Abdallah Saleh's taste for whiskey
I need to read Wikileaks more often:
Pointing to the ROYG's problems in combating rampant drug and arms smuggling, Saleh told General Petraeus that U.S. maritime security assistance was insufficient to cover Yemen's nearly 2,000 km of coastline. "Why not have Italy, Germany, Holland, Japan, Saudi, and the UAE each provide two patrol boats?" Saleh suggested. The General told Saleh that two fully-equipped 87-foot patrol boats destined for the Yemeni Coast Guard were under construction and would arrive in Yemen within a year. Saleh singled out smuggling from Djibouti as particularly troublesome, claiming that the ROYG had recently intercepted four containers of Djibouti-origin TNT. "Tell (Djiboutian President) Ismail Guelleh that I don't care if he smuggles whiskey into Yemen -- provided it's good whiskey but not drugs or weapons," Saleh joked.
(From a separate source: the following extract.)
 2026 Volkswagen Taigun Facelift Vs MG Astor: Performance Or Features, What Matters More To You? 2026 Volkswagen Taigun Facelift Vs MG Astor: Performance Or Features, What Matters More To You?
Saleh said that smugglers of all stripes are bribing both Saudi and Yemeni border officials.
Same cable contains a passage where Saleh is confused about what the US is bombing in his country exactly, and this gem:
Raising a topic that he would manage to insert into almost every item of discussion during the hour and half-long meeting, Saleh requested that the U.S. provide the ROYG with 12 armed helicopters. Possessing such helicopters would allow the ROYG to take the lead in future CT operations, "ease" the use of fighter jets and cruise missiles against terrorist targets, and allow Yemeni Special Operations Forces to capture terrorist suspects and identify victims following strikes, according to Saleh. The U.S. could convince Saudi Arabia and the UAE to supply six helicopters each if the American "bureaucracy" prevented quick approval, Saleh suggested. The General responded that he had already considered the ROYG's request for helicopters and was in discussions with Saudi Arabia on the matter. "We won't use the helicopters in Sa'ada, I promise. Only against al-Qaeda," Saleh told General Petraeus.
Sa'ada, of course, is a northern rebellious province where the government has nearly lost control.